#  >  > Programming, Development, Design, Technical Discussion >  >  > Technology and Design Forum >  >  > Trending Tech News Updates >  >  Facebook to compete with Musical.ly and Smule1

## Helena

Hey guys,


After so many updates in Instagram over the last few months now *Facebook has decided to introduce a new feature which looks much similar to the features of both Smule and Musical.ly.*
It's reported that Facebook is working on to develop a feature which allows their users to select a song and to lip sync that song.They are also working on something called *"Talent show"* where the users can showcase their talent by singing a song and submitting their audition for reviews.This feature *includes sections like audition and stage* as well.

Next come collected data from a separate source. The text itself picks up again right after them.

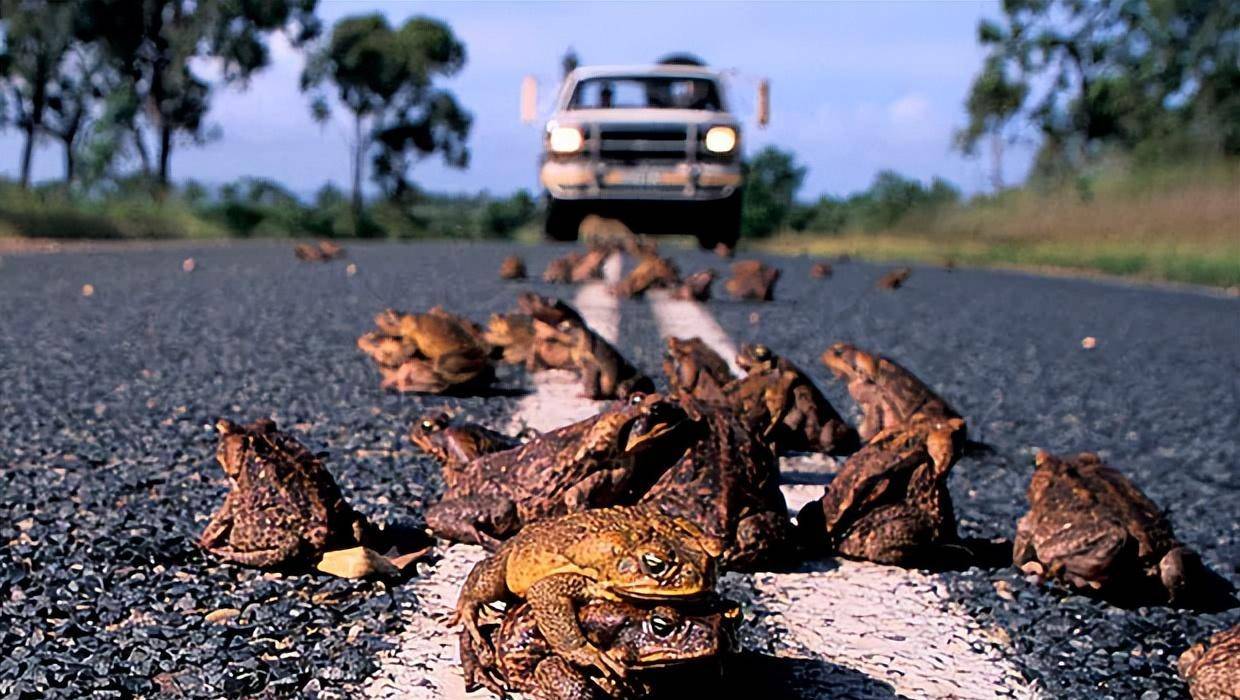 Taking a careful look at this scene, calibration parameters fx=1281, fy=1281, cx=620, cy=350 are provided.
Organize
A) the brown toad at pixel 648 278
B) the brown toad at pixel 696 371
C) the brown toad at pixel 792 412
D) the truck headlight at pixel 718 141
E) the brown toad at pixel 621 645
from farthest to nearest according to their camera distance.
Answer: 1. the truck headlight at pixel 718 141
2. the brown toad at pixel 648 278
3. the brown toad at pixel 696 371
4. the brown toad at pixel 792 412
5. the brown toad at pixel 621 645

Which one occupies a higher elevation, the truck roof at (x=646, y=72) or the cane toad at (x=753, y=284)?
the truck roof at (x=646, y=72)

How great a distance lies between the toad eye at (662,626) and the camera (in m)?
1.88

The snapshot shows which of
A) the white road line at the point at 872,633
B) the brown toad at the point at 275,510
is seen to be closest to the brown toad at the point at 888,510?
the white road line at the point at 872,633

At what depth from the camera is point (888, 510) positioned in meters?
2.89

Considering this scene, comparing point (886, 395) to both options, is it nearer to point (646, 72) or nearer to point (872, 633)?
point (872, 633)

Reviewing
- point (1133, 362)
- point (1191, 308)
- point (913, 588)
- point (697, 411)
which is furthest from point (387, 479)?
point (1191, 308)

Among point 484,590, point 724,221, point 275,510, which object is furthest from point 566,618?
point 724,221


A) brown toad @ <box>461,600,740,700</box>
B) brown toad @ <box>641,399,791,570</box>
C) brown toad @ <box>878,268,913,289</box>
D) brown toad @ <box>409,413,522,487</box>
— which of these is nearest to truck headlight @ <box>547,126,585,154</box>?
brown toad @ <box>878,268,913,289</box>

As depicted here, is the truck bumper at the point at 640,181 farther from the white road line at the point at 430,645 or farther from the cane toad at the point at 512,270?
the white road line at the point at 430,645

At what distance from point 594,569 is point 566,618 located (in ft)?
0.28

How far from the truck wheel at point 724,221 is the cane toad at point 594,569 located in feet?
52.9

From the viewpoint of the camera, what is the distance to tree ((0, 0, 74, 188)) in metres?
43.3

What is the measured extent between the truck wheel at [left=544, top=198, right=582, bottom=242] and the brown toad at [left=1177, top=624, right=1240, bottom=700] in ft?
52.6

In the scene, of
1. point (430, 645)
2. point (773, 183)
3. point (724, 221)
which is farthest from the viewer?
point (773, 183) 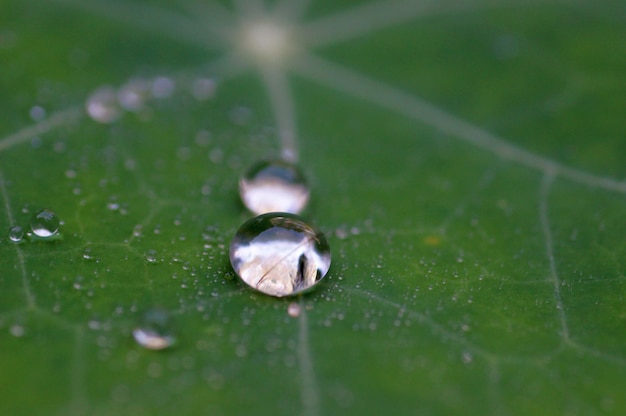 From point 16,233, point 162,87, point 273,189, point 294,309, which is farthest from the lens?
point 162,87

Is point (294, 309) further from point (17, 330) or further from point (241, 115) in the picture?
point (241, 115)

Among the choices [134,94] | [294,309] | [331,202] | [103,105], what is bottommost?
[294,309]

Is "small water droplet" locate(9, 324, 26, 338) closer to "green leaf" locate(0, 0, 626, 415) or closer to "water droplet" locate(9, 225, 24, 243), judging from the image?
"green leaf" locate(0, 0, 626, 415)

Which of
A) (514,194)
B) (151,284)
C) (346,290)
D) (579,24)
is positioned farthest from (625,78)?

*Are you all excited to experience the new features? Share your views.*

----------


## Bhavya

> Hey guys,
> 
> 
> After so many updates in Instagram over the last few months now *Facebook has decided to introduce a new feature which looks much similar to the features of both Smule and Musical.ly.*
> It's reported that Facebook is working on to develop a feature which allows their users to select a song and to lip sync that song.They are also working on something called *"Talent show"* where the users can showcase their talent by singing a song and submitting their audition for reviews.This feature *includes sections like audition and stage* as well.
> 
> 
> *Are you all excited to experience the new features? Share your views.*


yeah it's really a cool and useful innovation,It's help the talented people to reach a massive audience.

----------